But Carter wanted more—he wanted to excavate. “Due possibly to Petrie’s training, [that] was my great desire,” he would say later, understating the matter. For it was not simply Petrie’s training that spurred him on—he had caught Petrie’s digging fever. The beauty of Hatshepsut’s temple, the surroundings at Deir el-Bahri, left their impression. He never forgot “the temple setting … the delicate sculptured reliefs upon its walls. In those six years,” he wrote, “I learnt more of Egyptian art, its serene simplicity, than at any other time or place.” But he was haunted by the excitement of excavation.

 

 

AS 1900 APPROACHED, THE TURN OF THE CENTURY BROUGHT
Carter a great surprise. The excellence of his work for the last five years had been noted by Gaston Maspero, director of the Service des Antiquités. He was requested to join the department as chief inspector for the south, a vast area including the Sudan (then an Egyptian province). Though his duties included all kinds of official obligations and administrative work (which Carter took very seriously), and though there was much work to be done in the many temples included in his new domain (especially in the Ramesseum and at Abu Simbel and Edfu, where the ancient structures needed shoring up), at last he was able to concentrate on “his” tombs.

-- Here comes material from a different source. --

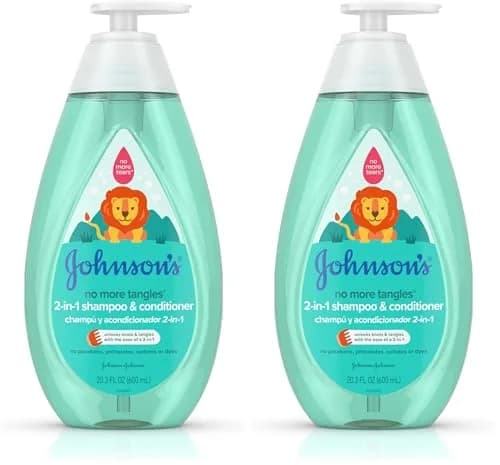 Johnson's Baby No More Tangles 2-in-1 Shampoo & Conditioner for Kids, 40.6 fl oz (20.3 fl oz each) | Hypoallergenic Detangling Formula thumbnail 1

For the next four years, from 1900 on, he spent more time underground than in the light of day, working on a long list of tombs, both royal (Seti II; Amenhotep II; Ramesses I, III, VI, and IX) and nonroyal (Maihipri, warrior companion of Amenhotep II; Hatshepsut’s wet nurse; Sennefer, mayor of Thebes—among others).

Though these tombs were already “opened,” some recently, some since antiquity, the work of thoroughly exploring them demanded everything Carter had—stamina, patience, skill. He would file many reports about the southern temples, but it was in the tombs that he really came alive.

Each one had its unique challenge, some requiring a more delicate
hand—the murals, reliefs, and fine architectural details were, after all, more than three and a half millennia old. Others called for the sheer strength of will to keep slugging away—tomb KV #20, unidentified when Carter first tackled it, showed him at his best: a fighter “with heart.”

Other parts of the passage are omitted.